THERE was a raft of letters in the papers the day after Shane Warne quit. One said:
"Big deal. Warne threw a ball at some sticks." The fat, blond kid from Ferntree Gully was dividing opinion as usual. This particular missive spectacularly missed the point.
Overlooking the libel about his action - Warne and throwing are alien to each other - it fails to grasp Warne's significance. Of course, the whole concept of aiming a ball at, or just outside, some wickets is silly and everybody involved in it - playing, coaching, reporting, watching, just plain loving it - should know that.
But its battles within between individuals also make it a fantastic team sport.

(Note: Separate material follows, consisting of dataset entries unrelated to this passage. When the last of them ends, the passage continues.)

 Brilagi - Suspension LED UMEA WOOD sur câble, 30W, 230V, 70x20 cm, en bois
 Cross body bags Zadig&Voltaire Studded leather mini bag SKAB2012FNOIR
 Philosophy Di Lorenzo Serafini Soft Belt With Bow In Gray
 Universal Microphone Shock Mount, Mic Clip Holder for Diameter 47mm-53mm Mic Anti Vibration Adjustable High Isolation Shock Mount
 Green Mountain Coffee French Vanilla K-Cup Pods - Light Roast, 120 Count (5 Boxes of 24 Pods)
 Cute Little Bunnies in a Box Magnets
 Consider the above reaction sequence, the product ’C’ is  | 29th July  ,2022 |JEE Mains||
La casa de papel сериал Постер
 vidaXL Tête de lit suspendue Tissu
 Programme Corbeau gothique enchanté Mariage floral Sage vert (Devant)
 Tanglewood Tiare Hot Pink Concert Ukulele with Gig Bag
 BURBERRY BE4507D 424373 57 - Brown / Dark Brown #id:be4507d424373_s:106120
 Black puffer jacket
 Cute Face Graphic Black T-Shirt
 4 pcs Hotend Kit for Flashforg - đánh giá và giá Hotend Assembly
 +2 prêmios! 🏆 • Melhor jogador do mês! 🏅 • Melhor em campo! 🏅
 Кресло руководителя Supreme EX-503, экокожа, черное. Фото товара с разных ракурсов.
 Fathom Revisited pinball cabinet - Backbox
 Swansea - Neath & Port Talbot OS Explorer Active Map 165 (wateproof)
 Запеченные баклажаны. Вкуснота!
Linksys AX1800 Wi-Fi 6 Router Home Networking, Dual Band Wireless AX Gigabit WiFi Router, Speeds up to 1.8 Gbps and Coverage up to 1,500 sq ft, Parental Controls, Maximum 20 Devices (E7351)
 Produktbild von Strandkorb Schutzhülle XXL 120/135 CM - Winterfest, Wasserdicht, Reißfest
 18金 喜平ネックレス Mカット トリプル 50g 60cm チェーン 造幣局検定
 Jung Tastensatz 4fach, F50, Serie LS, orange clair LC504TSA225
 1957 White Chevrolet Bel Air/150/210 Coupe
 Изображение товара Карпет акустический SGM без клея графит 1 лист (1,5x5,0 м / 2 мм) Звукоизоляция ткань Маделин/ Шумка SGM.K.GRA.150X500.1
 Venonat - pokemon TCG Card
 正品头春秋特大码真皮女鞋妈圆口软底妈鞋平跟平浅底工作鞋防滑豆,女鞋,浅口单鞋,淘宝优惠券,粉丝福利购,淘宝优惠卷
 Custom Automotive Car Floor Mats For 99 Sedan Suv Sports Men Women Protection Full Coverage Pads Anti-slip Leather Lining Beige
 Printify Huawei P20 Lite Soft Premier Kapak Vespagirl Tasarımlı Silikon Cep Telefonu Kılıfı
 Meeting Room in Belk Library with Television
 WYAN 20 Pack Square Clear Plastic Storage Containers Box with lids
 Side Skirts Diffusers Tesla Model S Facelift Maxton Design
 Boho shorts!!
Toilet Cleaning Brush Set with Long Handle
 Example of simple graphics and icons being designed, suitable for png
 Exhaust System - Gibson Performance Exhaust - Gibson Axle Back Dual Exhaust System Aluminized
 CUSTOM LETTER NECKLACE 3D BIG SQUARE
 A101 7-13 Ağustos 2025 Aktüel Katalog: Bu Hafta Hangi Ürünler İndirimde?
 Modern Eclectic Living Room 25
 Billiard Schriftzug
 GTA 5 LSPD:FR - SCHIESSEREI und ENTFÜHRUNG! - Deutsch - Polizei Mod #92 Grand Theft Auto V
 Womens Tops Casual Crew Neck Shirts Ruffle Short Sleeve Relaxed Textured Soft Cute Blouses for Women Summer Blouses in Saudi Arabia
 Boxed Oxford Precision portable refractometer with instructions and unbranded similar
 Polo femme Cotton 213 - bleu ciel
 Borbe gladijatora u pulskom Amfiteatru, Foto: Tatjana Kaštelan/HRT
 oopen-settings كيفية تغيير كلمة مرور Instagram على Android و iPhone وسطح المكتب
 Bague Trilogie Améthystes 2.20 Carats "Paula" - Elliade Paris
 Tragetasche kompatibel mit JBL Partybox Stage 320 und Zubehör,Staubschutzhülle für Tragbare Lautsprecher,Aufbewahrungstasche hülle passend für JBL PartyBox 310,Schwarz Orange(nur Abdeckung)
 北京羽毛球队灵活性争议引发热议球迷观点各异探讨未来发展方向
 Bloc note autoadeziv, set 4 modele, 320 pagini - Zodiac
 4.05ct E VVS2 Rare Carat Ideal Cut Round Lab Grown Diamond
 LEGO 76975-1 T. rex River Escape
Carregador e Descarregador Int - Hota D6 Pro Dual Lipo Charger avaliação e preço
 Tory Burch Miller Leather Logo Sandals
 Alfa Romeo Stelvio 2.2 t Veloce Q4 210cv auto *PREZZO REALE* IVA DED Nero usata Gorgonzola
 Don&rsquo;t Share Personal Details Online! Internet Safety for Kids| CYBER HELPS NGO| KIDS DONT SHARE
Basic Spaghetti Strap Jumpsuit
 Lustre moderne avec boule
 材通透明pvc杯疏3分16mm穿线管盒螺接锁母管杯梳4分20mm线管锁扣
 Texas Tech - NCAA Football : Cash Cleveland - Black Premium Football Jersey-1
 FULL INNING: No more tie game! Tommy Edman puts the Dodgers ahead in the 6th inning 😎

It is possible to play for yourself but you usually get found out. Warne transcended all this. Over time he came to defy the old truism that no man is greater than the game - though part of his greatness was that he would never have considered it. In this game, he has not been simply watchable, you could not take your eyes off him.
Some of this was to do with the spinning of a cricket ball from leg to off. It is one of the most ridiculously difficult things to do with a ball; ball after ball landing on the same spot with the monotonous regularity of the rent collector's call. He had a gift. However, it was not just the bowling. Within five minutes of realising how good he could be - he identified the date and place, 22 August, 1992, Colombo when with Australia's game up, he took three wickets for 11 runs in 5.1 overs - he undertook a transformation.
Warne became a showman.
These past few years - the 40 wickets in the 2005 Ashes notwithstanding - he was not quite the bowler he had been.
It mattered not. He was always good enough to make the batsmen work. They had more chance of a night's sleep at a rock concert than a restful time at the crease with Warne bowling.
He was perpetually on their case. As the years and the shoulder rolled on, bowling became a piece of theatre. It was becoming wearing, but then that was the conceit.
Warne appealed and appealed, ball after ball. He glared, he preened, he strutted before the umpire. In its way it was putting pressure on officials but that was not the objective. It was all part of eroding the batsman's selfbelief until he could take no more. He was forever jabbering at them, though he was also the first to offer congratulations and commiserations.
This made Warne a shrewd cookie. He recognised that it was a batsman's game and he set about debilitating the breed in any way he could think of, pushing at the boundaries of the laws. It was horrible yet compulsive. He has made much of the fact that he has never read a book from beginning to end - including, it is believed, his own autobiographies - but had he not had the combination of physical attributes which made him a unique leg spinner he would probably have been successful doing something else. Warne saw that if cricket was a business it was a business called show. "I used to go over the top occasionally with the appealing and those types of things, " he once said. "But that's me, that's me expressing myself."
That is another thing. He loves expressing himself and is a gift of an interviewee. In some ways. Once, after a close Hampshire victory, he came down from the dressing room to talk to a few reporters. One question in he was still going after three minutes. It seemed time to ask him another. "D'ya mind, I'm talking, " he said.
He wanted reassurance until the end. At the Adelaide Test earlier this month it was noticeable - Warne made a point of ensuring we noticed - that his old mentor, Terry Jenner, was in the nets. Jenner was dressed in civvies and occasionally, because he knows a lot about leg spin bowling, he would mouth something about the alignment of Warne's feet or some such. But that was not the point of the exercise.
He mentioned Jenner in his au revoir though not as often as he mentioned his former wife Simone, Richie Benaud and Ian Chappell. He cited Chappell as his greatest influence in cricket, the man who had said to him many years ago that the most important thing of all was to know yourself. Warne reckoned that after a long while digesting this he knew what Chappell meant and understood. So, forget the taking money from an India bookie and the ingestion of a banned substance, leading to a year's ban, as the aberrations of youth. His bowling and the effect he had on the game are what will endure long after his sexual appetite has become less fascinating.
"I suppose there's always going to be attention on what I'm doing, my personal life, who I'm involved with because of the way I played and what I achieved, " he said.
"It's nice to have that sort of interest but hopefully it won't be to the same level, the same scrutiny, the same moralising. But you guys will be the judge of that, not me."
He needs it, but we and cricket probably needed him more. He was a big deal all right, and he never threw a ball in his life.